- [SUPPLIED RECORDS]
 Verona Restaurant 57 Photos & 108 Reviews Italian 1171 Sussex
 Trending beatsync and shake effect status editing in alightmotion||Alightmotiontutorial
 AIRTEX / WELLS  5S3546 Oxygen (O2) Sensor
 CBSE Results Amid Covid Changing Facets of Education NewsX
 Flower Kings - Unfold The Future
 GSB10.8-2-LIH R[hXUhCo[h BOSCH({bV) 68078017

* * *

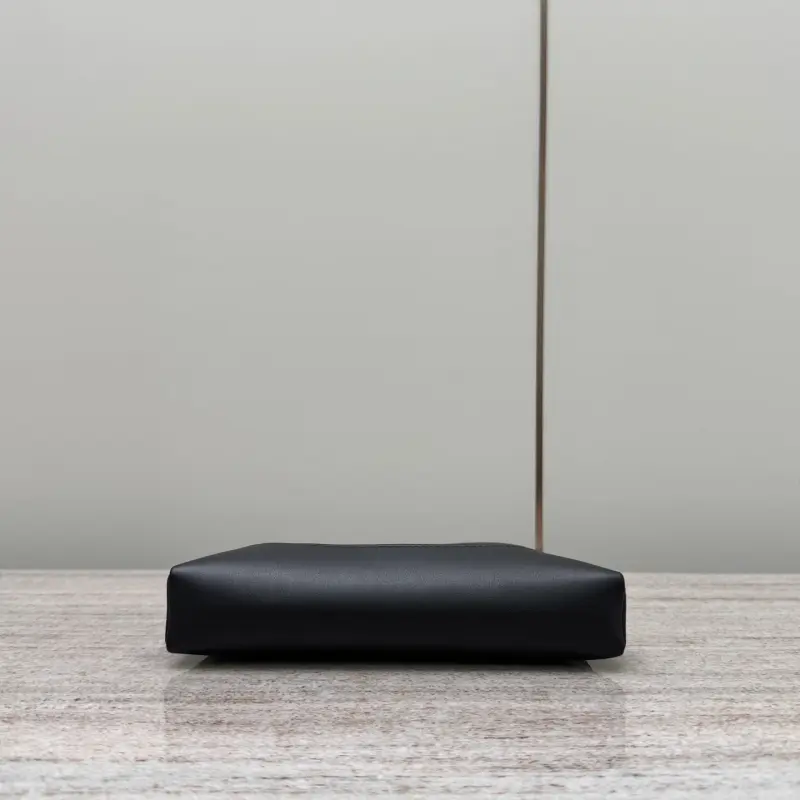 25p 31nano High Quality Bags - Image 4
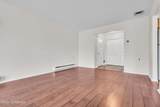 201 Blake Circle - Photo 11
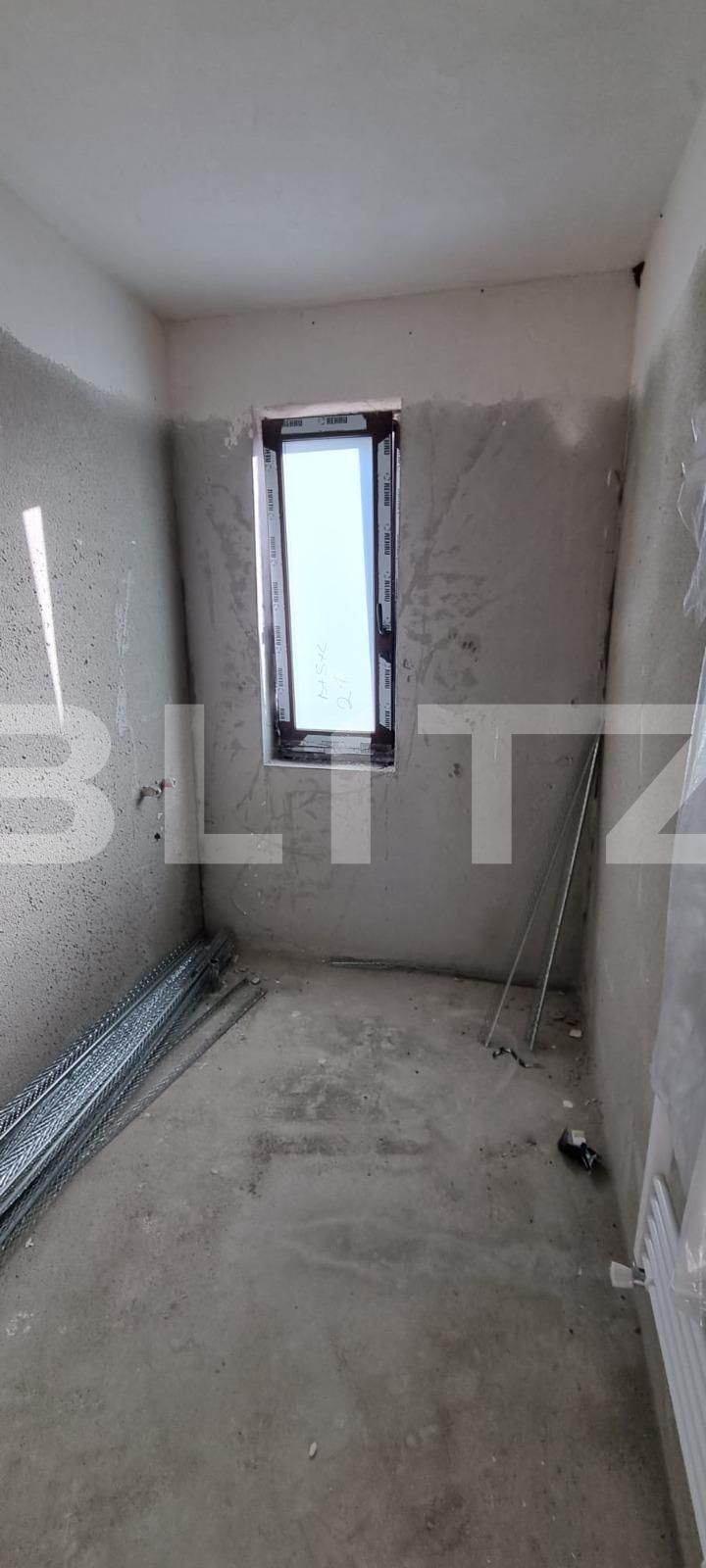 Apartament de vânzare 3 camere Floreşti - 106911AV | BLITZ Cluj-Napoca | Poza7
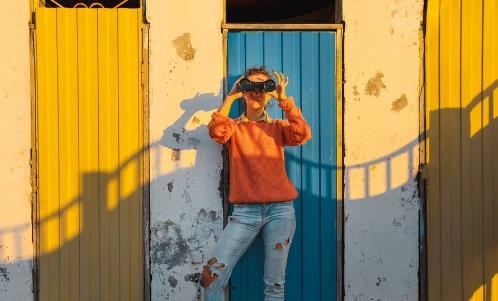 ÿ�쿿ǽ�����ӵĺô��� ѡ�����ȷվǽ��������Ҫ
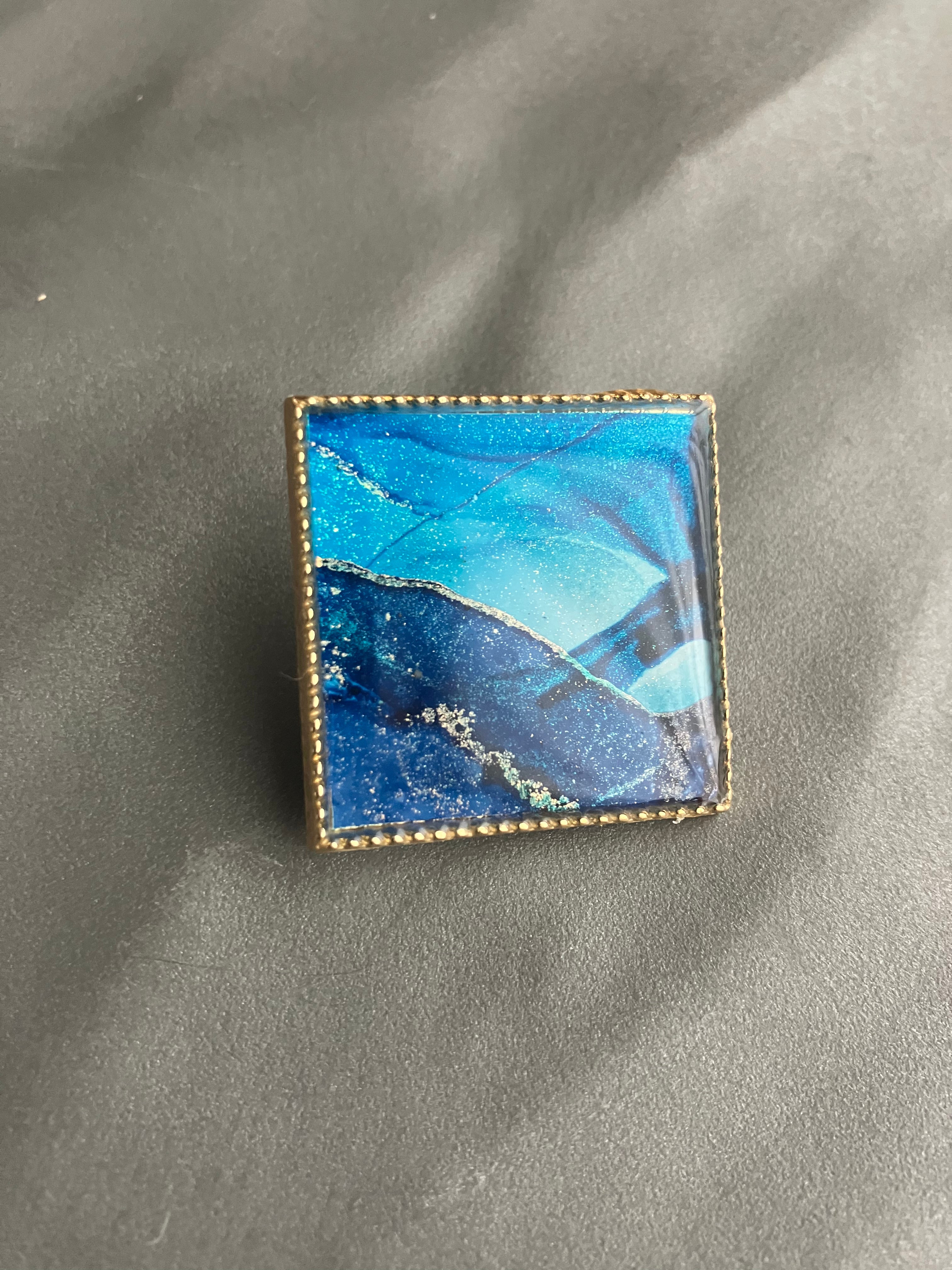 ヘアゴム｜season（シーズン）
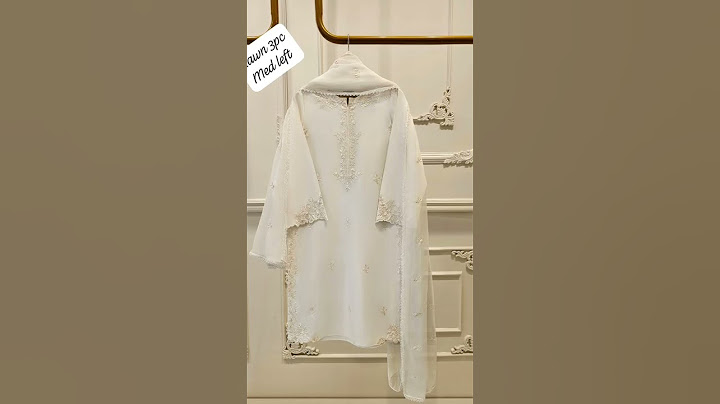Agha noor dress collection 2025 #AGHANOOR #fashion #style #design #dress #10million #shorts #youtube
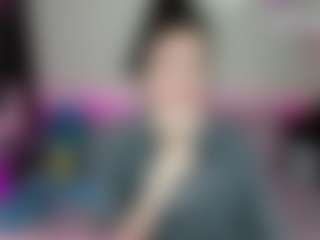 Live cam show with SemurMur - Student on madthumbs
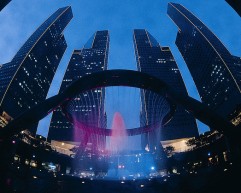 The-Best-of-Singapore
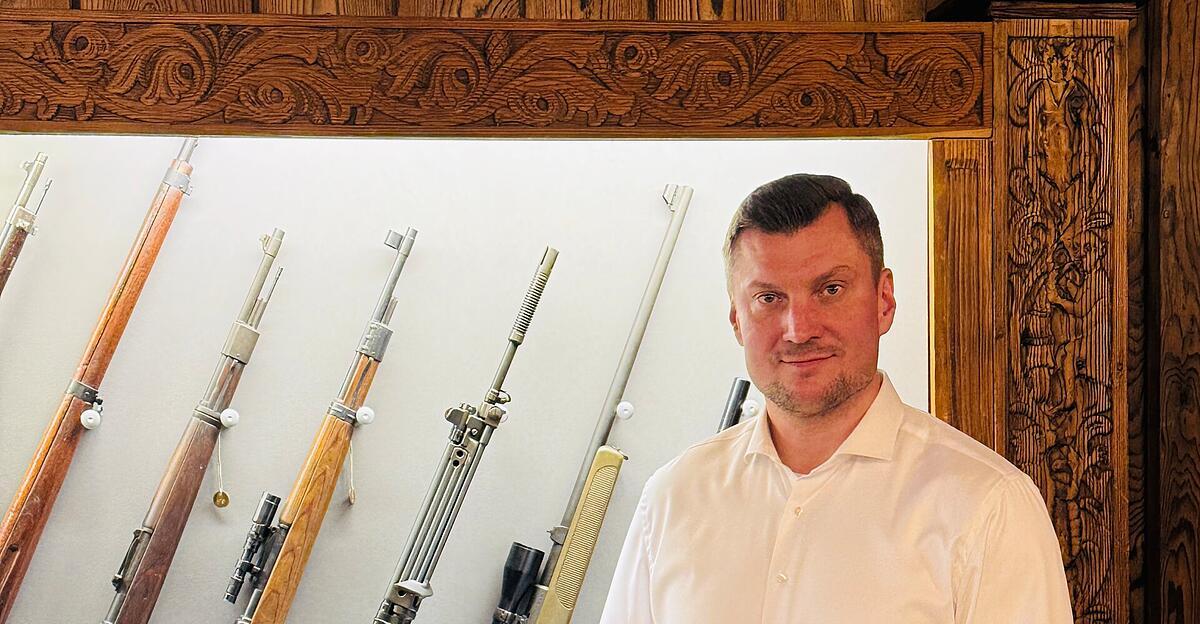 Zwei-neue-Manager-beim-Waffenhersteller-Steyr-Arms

--

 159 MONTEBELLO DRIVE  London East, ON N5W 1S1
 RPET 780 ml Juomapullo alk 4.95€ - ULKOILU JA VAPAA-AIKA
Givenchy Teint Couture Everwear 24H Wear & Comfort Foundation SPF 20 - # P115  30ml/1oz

- [YOUR OBJECTIVE] In the data above, find the line with "Live cam show" and the line with "Zwei-neue-Manager-beim-Waffenhersteller-Steyr-Arms". Please copy exactly those two lines and every line between them, but not the pictures.

- [OUTPUT OF THE EXERCISE]
 Live cam show with SemurMur - Student on madthumbs
 The-Best-of-Singapore
 Zwei-neue-Manager-beim-Waffenhersteller-Steyr-Arms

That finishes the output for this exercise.